Het syndroom van Bremer is een zeldzame ziekte die wordt gediagnosticeerd bij mensen in de leeftijd van 47 tot 60 jaar. Volgens wetenschappers wordt de ziekte genetisch overgedragen, maar daar is nog geen bevestiging van.
De ziekte is vernoemd naar de neuropatholoog Bremer, die de ziekte toen in de 19e eeuw in Duitsland ontdekte
Het Bremer-syndroom is een zeldzame maar ernstige neuropsychiatrische ziekte, die wordt gekenmerkt door acute persoonlijkheidsdegradatie in de vorm van mentale afwijkingen, wat leidt tot een scherpe achteruitgang in cognitieve functies en invaliditeit van de patiënt.

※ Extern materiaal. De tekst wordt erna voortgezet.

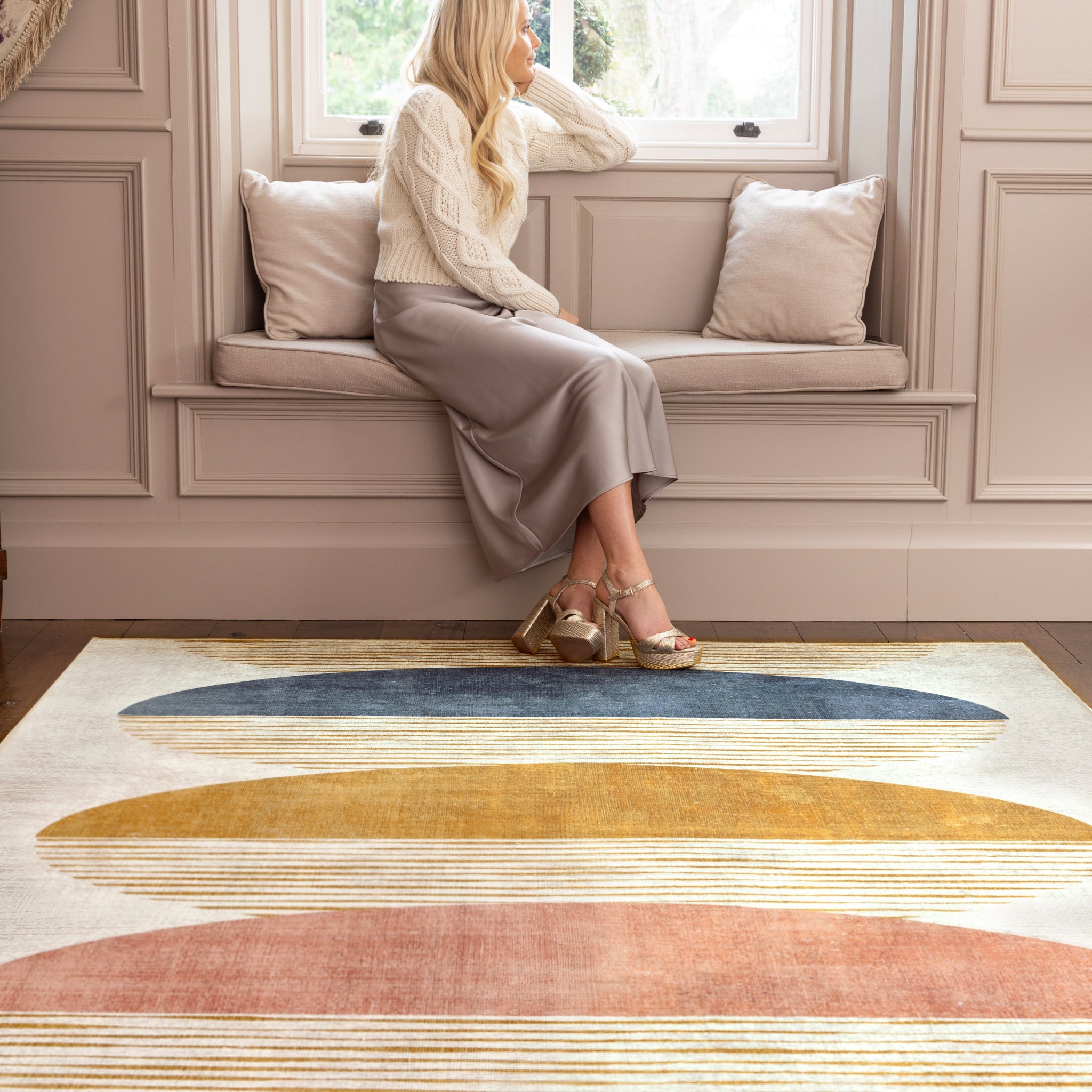 Hug Rug Oval Eclipse Washable Living Room Rug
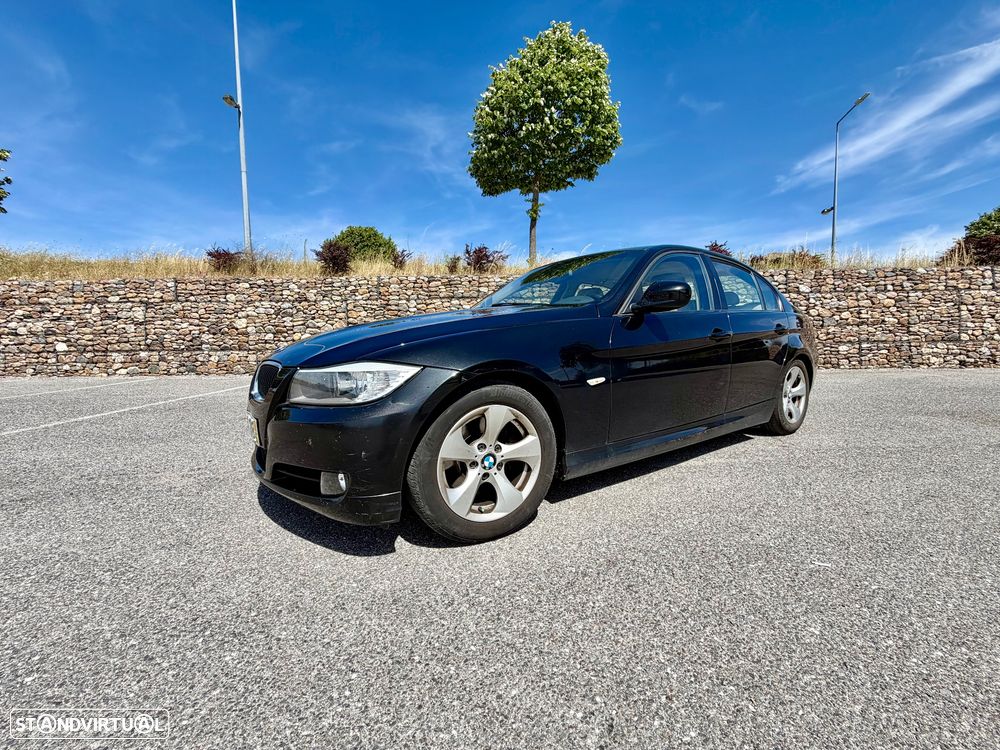 BMW 320 d EfficientDynamics Navigation - 1
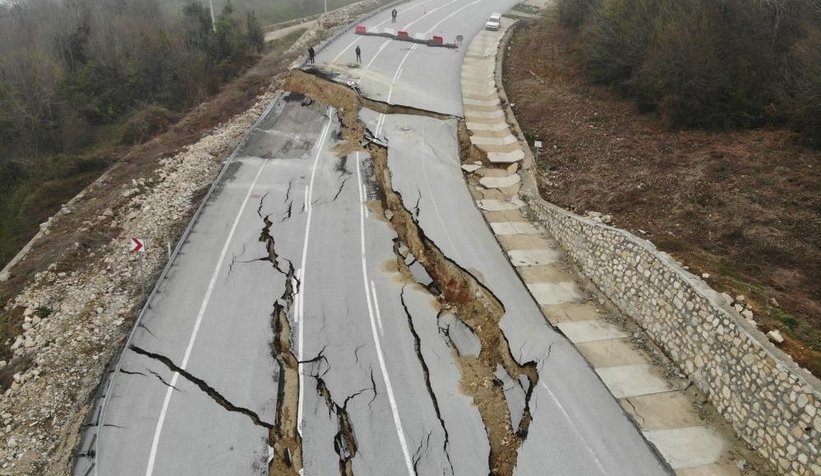 Karasu Akçokoca yolu tamamen çöktü
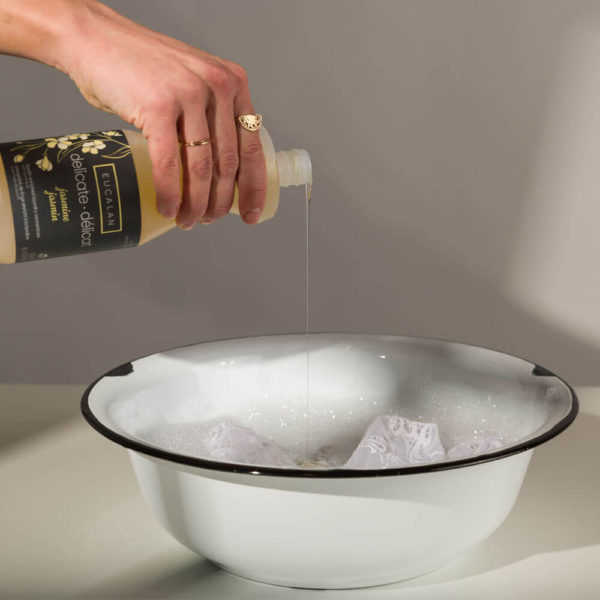 Płyn do prania wełny Eucalan 500 ml - obrazek 2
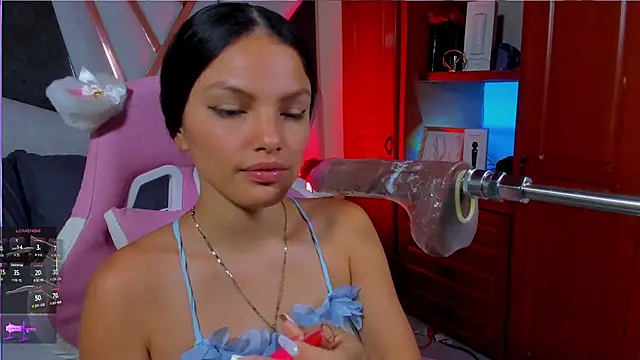 Snapshot of isa_kolins chatting on March 21, 2026, 10:53 am isa kolins online show from March 21, 2026, 10:53 am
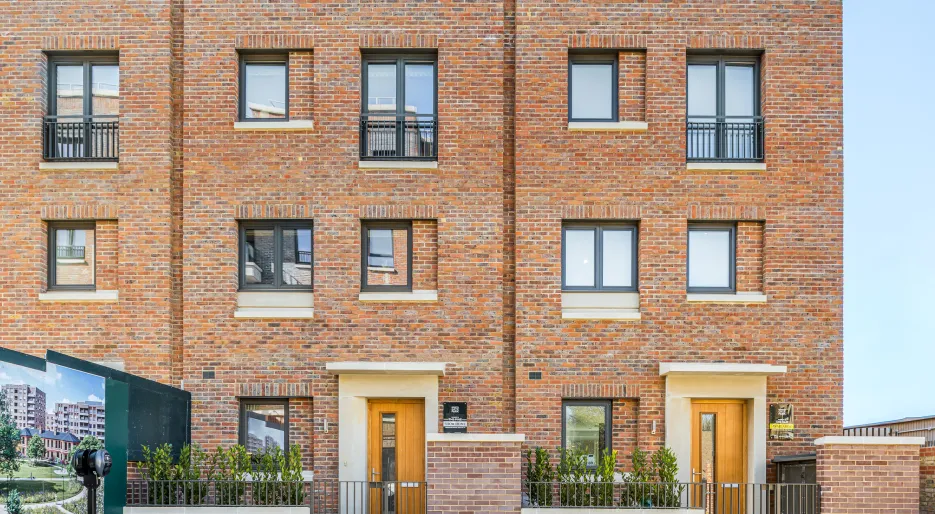 North Gate Park - Pine, Number 9 - Exterior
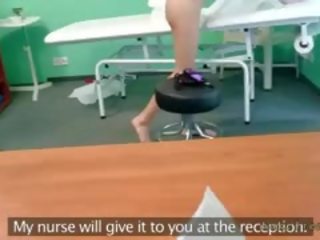 Tatu si rambut coklat fucked oleh medic dalam palsu hospital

De exacte oorzaak van het Bremer-syndroom is onbekend, maar de moderne wetenschap identificeert verschillende factoren die dit kunnen veroorzaken. Dergelijke factoren omvatten infecties, intoxicaties, status epilepticus, diffuse organische hersenbeschadiging, evenals lever- en stofwisselingsstoornissen. In sommige gevallen kan blootstelling van de hersenen aan straling, chemicaliën of giftige stoffen ook bijdragen aan de ontwikkeling van het Bremer-syndroom.
Syndroom van Bremer (syndroom van Bremer) – Fibrillaire glomerulonefritis, symptomatische fibrillaire glomerulopathie). BS is een van de typen fibrillaire glomerulopathie (fibrinoïde necrose van kleine bloedvaten in de glomeruli van de nier, die nierfalen en proteïnurie veroorzaakt). BS werd voor het eerst beschreven in 1950 door Rollend Bremer, een Zwitserse dermatoloog die de microscopische kenmerken bestudeerde van huidgebieden die getroffen waren door artilleriegranexplosies. Dit type necrotiserende vasculitis is naar hem vernoemd. De ziekte manifesteert zich voornamelijk als huidmanifestaties, eindigend in de ontwikkeling van chronisch nierfalen.
Het syndroom is vernoemd naar de Duitse dermatoloog en radioloog Friedrich Wilhelm von Breymer (Friedrich Wilhelm Heinrich Ulrich Freiherr von Breymann, 14 maart 1883 - 22 september 1974), die dit type necrotiserende arteritis van de huid noemde. Onder een elektronenmicroscoop is een typisch beeld van deze ziekte zichtbaar: fibrillen - platte en dunne eiwitfilamenten, sterk uitstekend
Het syndroom van Bremer (“pseudoconvulsief”, “pseudogegeneraliseerd” of “borrelende parafasiesyndroom”) is een zeldzame neurologische aandoening die wordt gekenmerkt door verward denken, verlies van controle over de taal en bewegingsstijfheid. Het werd voor het eerst beschreven in 1907 door John Bremer, maar het belang ervan werd pas vele decennia later opnieuw beoordeeld.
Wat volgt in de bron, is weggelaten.